Appena trascorsa quella stagione estiva, precisamente nell’ottobre 1965, la Direzione Centrale della banca, avendo verosimilmente in evidenza la mia disponibilità, in precedenza data, a eventuali trasferimenti sia in Italia sia all’estero, dispose la mia assegnazione, a scopo addestrativo, per la durata di un semestre, presso la filiale di Firenze.
Non mi colse di sorpresa, né mi turbo, la notizia, la accolsi, anzi, con piacere e interesse, contento, fra l’altro, di aver finalmente modo di conoscere personalmente lo splendido capoluogo toscano, decantato in tutto il mondo per i suoi immensi tesori artistici.
Quanto ai miei cari, moglie e figlioletto, premesso che il pediatra aveva sconsigliato il trasferimento del piccolo, ero, in fondo, tranquillo, giacché si sarebbero temporaneamente spostati dalla nostra abitazione a quella, vicina, dei miei suoceri.
Sarei, dunque, partito da solo e avrei preso le debite misure, sotto il profilo economico finanziario, attingendo, con parsimonia, alla mia ordinaria retribuzione (circa centoventimila lire mensili) e alla “diaria” aggiuntiva di quattromila lire il giorno, quindi pressappoco un secondo stipendio, riconosciutami dall’azienda a fronte delle necessità e spese extra, primariamente per alloggio e vitto, fuori sede.
Mi misi immediatamente in moto e, in breve, grazie alla collaborazione di una collega di Taranto e tramite alcuni suoi amici da qualche tempo residenti a Firenze, nel quartiere di Careggi (il capofamiglia lavorava presso le Officine Galileo), trovai una coppia di anziani, dimoranti nel medesimo stabile dei predetti, d’accordo a ospitarmi nella loro casa, con una stanza tutta per me, dove, la sera, avrei potuto anche usufruire di un frugale pasto.
Pattuii, mi pare, una pigione di quarantamila lire il mese.
Rincuorato dalla circostanza di essermi sistemato sotto l’aspetto logistico, in una fine settimana, forse, esattamente, il 16-17 ottobre 1965, abbracciai Annunziata e il piccolo Pier Paolo e montai in treno per raggiungere la nuova sede di lavoro.

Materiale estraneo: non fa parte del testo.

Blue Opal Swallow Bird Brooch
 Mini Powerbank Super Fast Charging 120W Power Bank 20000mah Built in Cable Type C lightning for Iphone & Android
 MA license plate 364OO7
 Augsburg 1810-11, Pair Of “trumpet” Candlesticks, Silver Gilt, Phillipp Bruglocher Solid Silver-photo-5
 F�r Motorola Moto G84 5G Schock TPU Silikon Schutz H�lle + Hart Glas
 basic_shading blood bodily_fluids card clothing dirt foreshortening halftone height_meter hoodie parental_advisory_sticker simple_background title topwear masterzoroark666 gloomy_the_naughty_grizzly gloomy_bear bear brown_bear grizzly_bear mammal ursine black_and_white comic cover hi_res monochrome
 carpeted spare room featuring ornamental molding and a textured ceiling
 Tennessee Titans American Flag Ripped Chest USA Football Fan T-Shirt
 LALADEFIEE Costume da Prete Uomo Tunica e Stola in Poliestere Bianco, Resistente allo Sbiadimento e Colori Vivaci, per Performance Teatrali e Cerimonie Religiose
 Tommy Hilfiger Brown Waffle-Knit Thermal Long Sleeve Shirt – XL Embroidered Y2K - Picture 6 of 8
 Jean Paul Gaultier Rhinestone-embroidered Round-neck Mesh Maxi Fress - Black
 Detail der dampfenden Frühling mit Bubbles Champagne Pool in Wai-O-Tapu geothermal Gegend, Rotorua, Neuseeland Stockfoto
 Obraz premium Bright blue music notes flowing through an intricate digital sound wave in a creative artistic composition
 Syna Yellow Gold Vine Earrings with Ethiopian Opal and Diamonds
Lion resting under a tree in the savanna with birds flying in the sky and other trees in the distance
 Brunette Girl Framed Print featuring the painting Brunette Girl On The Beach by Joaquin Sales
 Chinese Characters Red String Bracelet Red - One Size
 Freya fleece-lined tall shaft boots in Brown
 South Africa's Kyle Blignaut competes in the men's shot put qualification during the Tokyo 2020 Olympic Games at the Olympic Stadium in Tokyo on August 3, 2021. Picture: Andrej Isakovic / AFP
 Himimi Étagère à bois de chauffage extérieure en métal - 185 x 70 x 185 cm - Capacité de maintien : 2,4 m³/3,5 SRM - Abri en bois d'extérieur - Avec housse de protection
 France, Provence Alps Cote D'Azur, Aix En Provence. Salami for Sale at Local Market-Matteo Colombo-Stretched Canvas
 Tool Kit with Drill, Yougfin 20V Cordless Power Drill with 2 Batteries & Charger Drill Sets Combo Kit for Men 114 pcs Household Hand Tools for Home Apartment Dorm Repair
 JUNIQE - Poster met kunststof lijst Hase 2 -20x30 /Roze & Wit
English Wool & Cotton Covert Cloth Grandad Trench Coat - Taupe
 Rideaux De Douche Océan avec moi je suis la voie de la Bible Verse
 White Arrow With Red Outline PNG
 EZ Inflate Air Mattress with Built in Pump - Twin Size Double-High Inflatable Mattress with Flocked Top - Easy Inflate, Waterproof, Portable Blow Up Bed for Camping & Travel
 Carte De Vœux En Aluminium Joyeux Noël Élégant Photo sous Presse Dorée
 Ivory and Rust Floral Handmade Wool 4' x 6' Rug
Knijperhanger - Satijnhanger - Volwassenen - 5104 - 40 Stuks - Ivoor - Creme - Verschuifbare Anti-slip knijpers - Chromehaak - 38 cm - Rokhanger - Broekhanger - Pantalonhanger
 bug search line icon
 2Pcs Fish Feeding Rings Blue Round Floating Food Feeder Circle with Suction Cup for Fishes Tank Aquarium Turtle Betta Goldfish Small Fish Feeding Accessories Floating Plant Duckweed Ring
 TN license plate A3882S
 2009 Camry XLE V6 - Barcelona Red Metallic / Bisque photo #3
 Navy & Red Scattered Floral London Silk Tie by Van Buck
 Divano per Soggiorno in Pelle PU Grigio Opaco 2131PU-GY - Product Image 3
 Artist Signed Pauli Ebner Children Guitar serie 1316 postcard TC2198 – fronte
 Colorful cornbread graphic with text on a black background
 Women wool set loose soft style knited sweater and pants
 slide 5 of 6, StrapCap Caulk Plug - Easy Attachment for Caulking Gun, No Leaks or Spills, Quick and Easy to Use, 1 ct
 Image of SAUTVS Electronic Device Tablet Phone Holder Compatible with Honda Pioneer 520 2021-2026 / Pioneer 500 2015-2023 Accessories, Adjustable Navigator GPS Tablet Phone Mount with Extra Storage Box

Il lunedì mattino, con perfetta puntualità, mi presentai al Capo del personale della sede fiorentina, il quale mi accolse con un sorriso di benvenuto e parole di sprone; quindi, una “graduata” sua collaboratrice mi accompagnò nell’ampio locale, al piano terra dell’edificio, dove si trovava ubicato il Servizio Portafoglio Estero, affidandomi al funzionario responsabile, signor Giovannoni, che, pure, mi ricevette di buon grado e mi condusse a compiere un rapido giro, inframmezzato da strette di mano, fra gli elementi dell’ufficio, una quindicina, taluni all’incirca miei coetanei e/o, comunque, giovani.
Nettamente positiva la prima impressione tratta dall’ambiente di lavoro in cui mi accingevo a inserirmi, in particolare, si creò subito un clima di confidenza con il mio compagno di scrivania, Giuliano Grandi, romano, classe 1943, da poco arrivato a Firenze e addetto a quel Servizio.
Era solo pure lui, perciò trascorrevamo insieme qualche ora anche fuori dall’ufficio, e, analogamente, consumavamo la colazione delle 13.00, in una trattoria nei pressi della banca, locale, dopo un poco, sostituito, per ragioni di conto, con la mensa universitaria.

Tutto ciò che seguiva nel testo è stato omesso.